_Exercise_:
Below this line are records; transcribe exactly the lines between the one holding "Clove Currant 'Crandall'" and the one holding "넘 귀엽자나 ㅠㅠㅠㅠㅠㅠㅠㅠㅠㅠㅠㅠㅠ | 인스티즈", inclusive, and omit the pictures.

_Task data_:

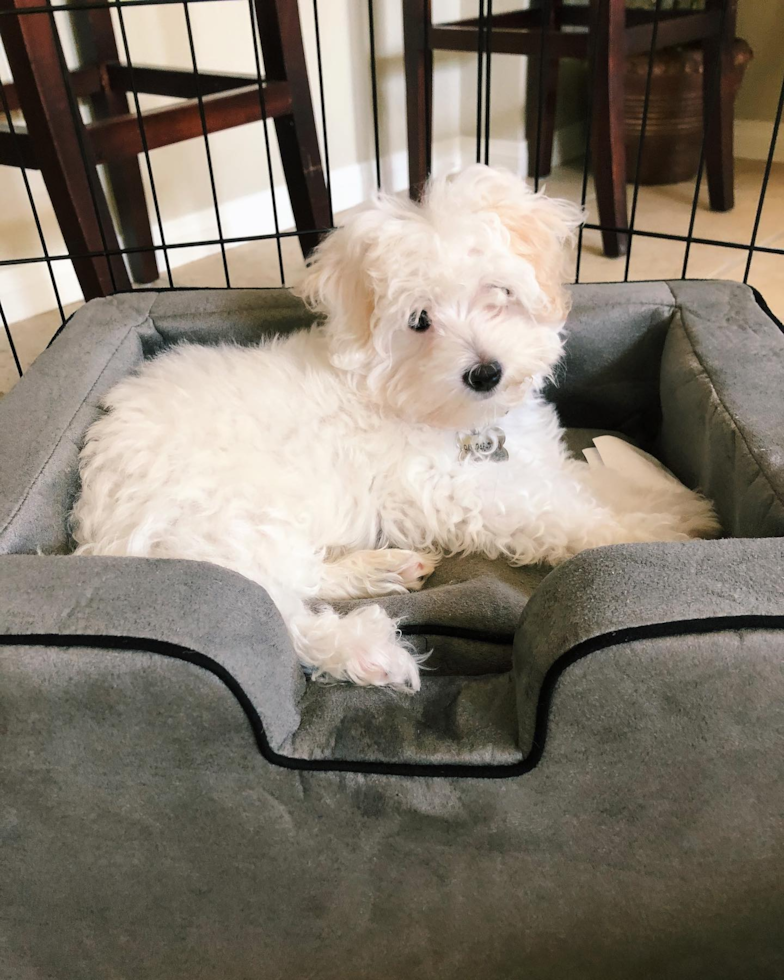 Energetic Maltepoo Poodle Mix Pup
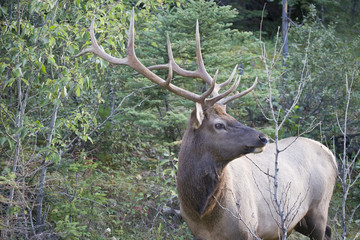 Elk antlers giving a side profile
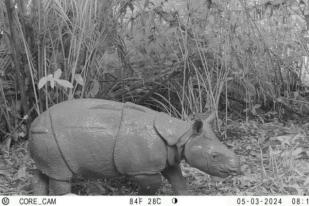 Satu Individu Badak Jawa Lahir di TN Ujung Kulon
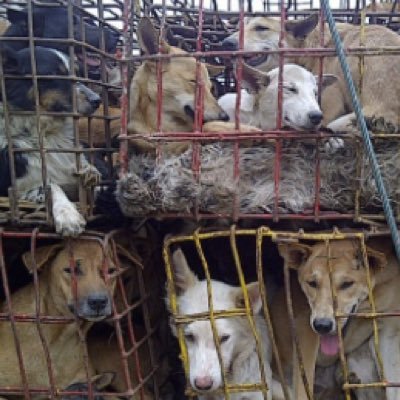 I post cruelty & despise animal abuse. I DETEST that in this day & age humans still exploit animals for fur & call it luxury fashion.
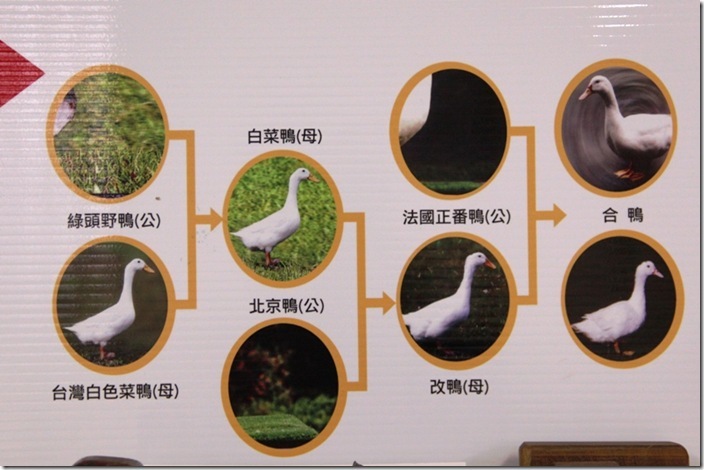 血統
* * *
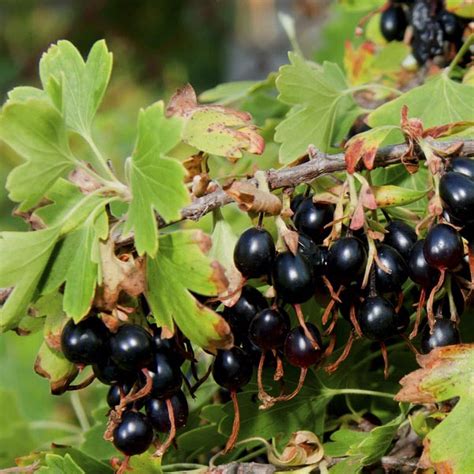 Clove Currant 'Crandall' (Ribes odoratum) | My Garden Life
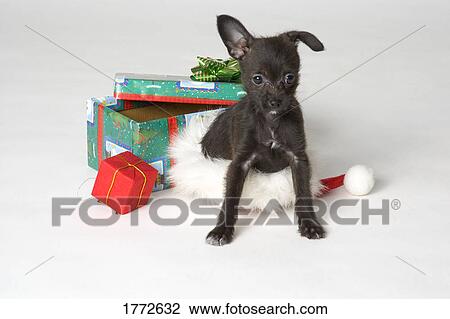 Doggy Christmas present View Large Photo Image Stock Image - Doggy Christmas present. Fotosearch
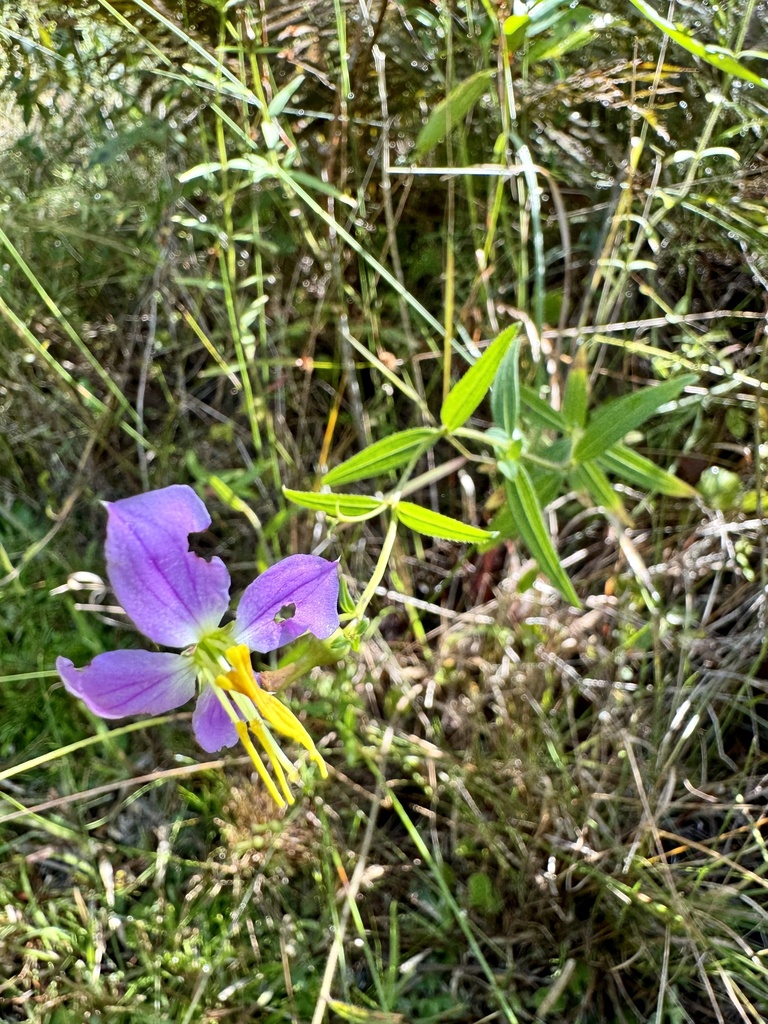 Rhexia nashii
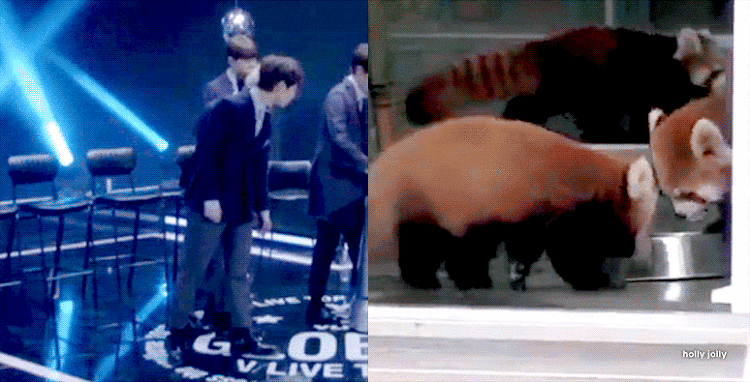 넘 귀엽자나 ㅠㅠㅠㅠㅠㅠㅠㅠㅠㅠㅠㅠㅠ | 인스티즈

_Written answer_:
 Clove Currant 'Crandall' (Ribes odoratum) | My Garden Life
 Doggy Christmas present View Large Photo Image Stock Image - Doggy Christmas present. Fotosearch
 Rhexia nashii
 넘 귀엽자나 ㅠㅠㅠㅠㅠㅠㅠㅠㅠㅠㅠㅠㅠ | 인스티즈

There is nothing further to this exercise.